As cores de Um Começo, a HQ de Wesley Samp
Uma das grandes experiências que alguém pode ter no mundo das histórias em quadrinhos no Brasil é ficar em constante contato com uma diversidade de autores, realidades, narrativas, traços, cores e talentos. E tudo isso só salienta a capacidade dos nossos criadores do Oiapoque ao Chuí. Nessa leva, conheci por meio de um financiamento coletivo na internet o projeto Um Começo, de Wesley Samp. Bastou dar uma notícia para recebermos no QG da Vigília a revista impressa e cheia de capricho. Uma grata surpresa.

A narrativa é de fácil reconhecimento para todos que já foram crianças. Afinal, quem nunca teve um colega novo na escola, um vizinho que se mudou para a sua rua há pouco tempo e uma turma clássica que convive quase sempre junto? Nessa levada, Wes conta a sua chegada na cidade e seus primeiros passos na nova escola e vizinhança. Mas tudo é guiado a partir do olhar de Paulo, o garoto que pulava a cerca para ler embaixo de uma árvore no pátio da casa ao lado, antes desabitada, e que agora “teria que ser abandonada” pela chegada dos novos proprietários (Wes e sua família). Querendo se enturmar, Wes começa a andar com Paulo, que se vê sem ter pra onde fugir. E nessas de querer ser solitário, acaba sendo rude com o novo amigo. E o desapontamento de Wes vai gerar uma série de consequências envolvendo duas turmas bem diferentes da escola.
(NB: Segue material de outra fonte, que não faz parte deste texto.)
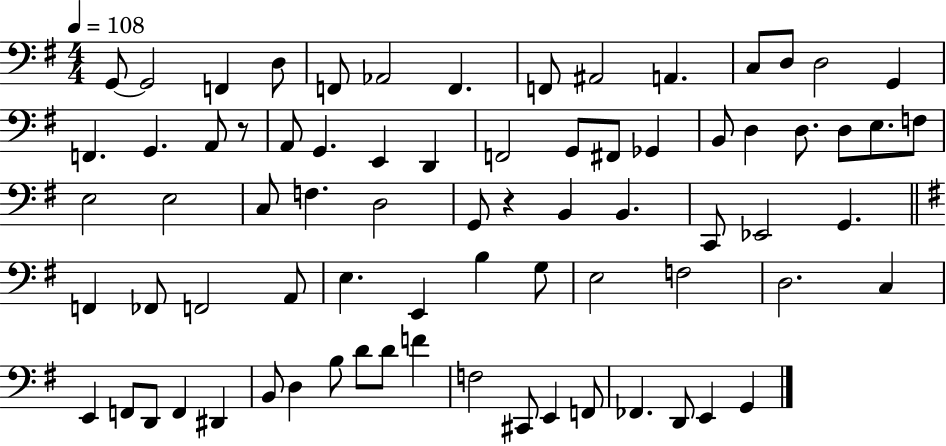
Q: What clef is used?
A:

“Um Começo” é uma pequena celebração do autor, como ele mesmo explica na edição. Com a satisfação de quem vê um filho nascer, a sua HQ transparece nostalgia. E esse sentimento e desejo de regresso agora de certa forma está imortalizado em uma história infanto-juvenil cheia de demonstrações de amizade. E lições de amizades e (re)começos são sempre bem-vindas.